Nuclear Executive Update   
An EPRI Progress Report, November 2010
TECHNICAL HIGHLIGHTS
Updated Handbook Offers Guidance for Fuel Reliability Monitoring and Failure Evaluation

Reflecting fuel performance experience gained over the past decade, the handbook provides a comprehensive reference for predicting fuel failures through monitoring, trending and interpreting activity release data.

EPRI has updated the Fuel Reliability Monitoring and Failure Evaluation Handbook (EPRI Report 1019107) based on operating and fuel failure experience collected since the last update in 2003. The handbook documents the essential elements of an effective fuel integrity monitoring program, including reviewing fuel performance data, trending fission product nuclides, estimating the number and exposure of leaking fuel rods, and identifying failure mechanisms.

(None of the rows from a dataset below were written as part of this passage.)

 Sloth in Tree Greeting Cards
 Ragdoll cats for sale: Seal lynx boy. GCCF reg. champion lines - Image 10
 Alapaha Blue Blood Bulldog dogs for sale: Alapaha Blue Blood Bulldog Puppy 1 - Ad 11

The handbook provides information on boiling water reactor (BWR) and pressurized water reactor (PWR) fuel release activity monitoring techniques, and also presents an in-depth method for assessing fuel failures and secondary degradation. Three sections of photographs document common fuel failure mechanisms as a utility reference in root cause analyses.

 
Debris fretting marks caused by a metal turning or spring  

The update incorporates plant experience and technical knowledge gained from fuel failures and related subjects over the last decade. Revisions include recommendations for techniques to monitor tight defects in PWRs, better prediction of the burnup of a failed rod, assessment of changes in activity release characteristics due to noble metal application in BWRs, and a methodology for calculating dose equivalent Xe-133 for PWRs. New chapters on BWR power suppression testing and a sample failed fuel action plan provide useful reference information for managing fuel failure events and improving fuel reliability. The handbook also updates industry knowledge with respect to fuel failure root causes and mitigation measures for both BWRs and PWRs.

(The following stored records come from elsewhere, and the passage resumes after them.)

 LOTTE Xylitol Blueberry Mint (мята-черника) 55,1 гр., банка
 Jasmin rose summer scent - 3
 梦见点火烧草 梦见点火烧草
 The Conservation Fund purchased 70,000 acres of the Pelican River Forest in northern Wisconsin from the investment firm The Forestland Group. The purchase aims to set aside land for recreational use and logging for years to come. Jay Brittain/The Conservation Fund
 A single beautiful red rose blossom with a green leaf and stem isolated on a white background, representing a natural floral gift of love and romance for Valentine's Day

As part of the industry’s zero fuel defect initiative, the Institute of Nuclear Power Operations (INPO) has referenced the techniques in the handbook during reviews of plant fuel reliability monitoring programs. Specifically, the methodologies for determining the presence of fuel failure and estimating the number of failed rods from activity release data as described in the handbook have been adopted.